A word first of the verdict with differentiated sentences according to the degree of responsibility of the various defendants and this incompressible perpetuity for Salah Abdeslam.

It's extremely rare.

It has only been pronounced four times.

Sharon Weill

:

Yes, exactly, and that's how the president started the verdict yesterday, saying that all questions have been answered, yes, except one.

All of the defendants are found guilty on the prosecution charges except one.

Indeed, we got life in that way for four defendants who are dead or presumed dead and Salah Abdeslam therefore five in total.

So, indeed, it is extremely rare.

An exemplary sentence, we can say, for a trial that was out of the ordinary, and particularly under the spotlight.

Is it justified for you?

Justified, not justified, that's another question.

But it is true that this trial was exemplary.

He had a political role, we can say that.

I think that yesterday, when we saw the courtroom which was full with 500 civil parties, journalists, and when we heard this verdict in front of a room like that, it made a very strong impression, and we saw the Court explicitly say: "

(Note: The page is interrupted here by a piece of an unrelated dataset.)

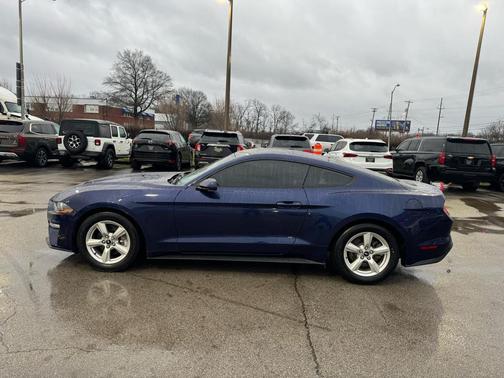 2018 Ford Mustang EcoBoost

 Here, what happened was unacceptable and the sentences correspond

 ".

It is the end of a long legal sequence which is exceptional in many respects.

What is striking is that the civil parties who spoke during this trial showed no form of aggression, and quite simply demanded that justice be done as if this trial in itself was already a form of repair

?

I think the trial had other purposes than just criminal repression and putting people in jail.

It was indeed a question of leaving room, the floor, for all the victims who wished it, for all the civil parties.

So during the first five weeks, we had more than 400 depositions from civil parties and there indeed we had victims who could tell their story, in their own way, how they were trying to rehabilitate themselves.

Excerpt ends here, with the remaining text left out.